US Open Tennis Tickets Heat Up as 2009’s Last Grand Slam Draws Nearer
July 20, 2009
AUSTIN, Texas—(BUSINESS WIRE)—In a statement that revved the tennis world, former number one tennis star Rafael Nadal stated he will return to the courts on Monday to begin preparing for next month’s Montreal Masters followed by the US Open. The knee injury that had Nadal sidelined since the French Open in May isn’t enough to keep the tennis master from reclaiming his number one title from the soon-to-be dad Roger Federer. As Nadal gears up for battle, Federer takes paternity leave. So will the 2009 US Open reunite these titans of tennis? According to the latest ticket sales, fans seem to think so. The economic budget squeeze felt by all is proving advantageous for bargain seekers and prompting fans to buy later this year than not at all.
In 2008, fans purchased US Open tennis tickets early in the year but sales stagnated closer to the tournament. “Sales trends for the tournament this year compared to last are flipped,” said Rafael Rivas, Vice President of Sales for TicketCity. “The solid economy coupled with the hype surrounding Federer and Nadal’s battle to be the best pushed fans to buy in April and May last year.

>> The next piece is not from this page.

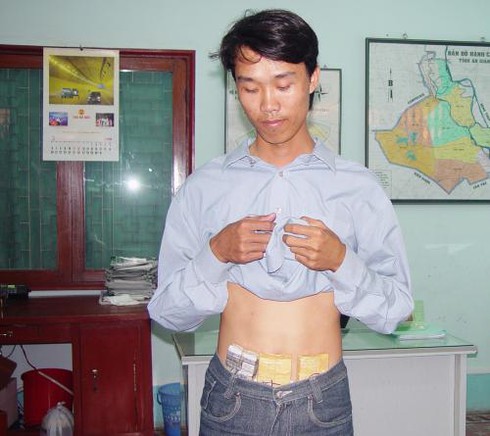 Thủ đoạn cất giấu vàng và ngoại tệ do Hải quan An Giang phát hiện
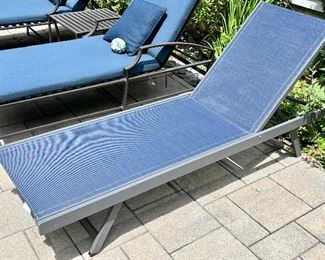 Vivere Adjustable Chaise Lounge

Demand then slowed as the final grand slam approached and the economy weakened. This year, fans were hesitant to invest early in tickets but are now motivated by the recent news and lower prices,” added Rivas.
While purchase trends may differ due to the economy, sales for the grand slam tournament continue to climb. “This year sales for US Open tickets began in mid June, spiking some during Wimbledon in July with half of our total sales for the event occurring within that time period. After this week’s announcement, we’ve seen demand grow stronger and experienced a 15% boost in sales.”
Responsible for the flip in sales trends, the economy continues to impact a buyer’s budget and affect the seller’s prices. “Ticket prices for the 2009 US Open have lowered by 30% across the board this year. Some sessions have even decreased in price by 50%,” stated Rivas.
The lower prices, however, don’t appear to be encouraging varied purchases or new buyers. “What have remained consistent between years are the sessions purchased and where our clientele are based,” added Rivas. As sales show, the most popular ticket with the best value for fans is Session 11, the first Saturday of play. The most desirable and highest priced ticket remains Session 26, the men’s singles final held on the final Sunday. While TicketCity serves clients all over the United States and world, this year as with the last, 35% of the US Open client base resides in the northeast area and 15% are international fans.
With 2009 US Open tickets starting at just $33, fans that didn’t make it to the last grand slam in Wimbledon can find even better values for the next. Rivas finished by saying, “Low ticket prices coupled with low travel costs make this the year to experience the US Open.”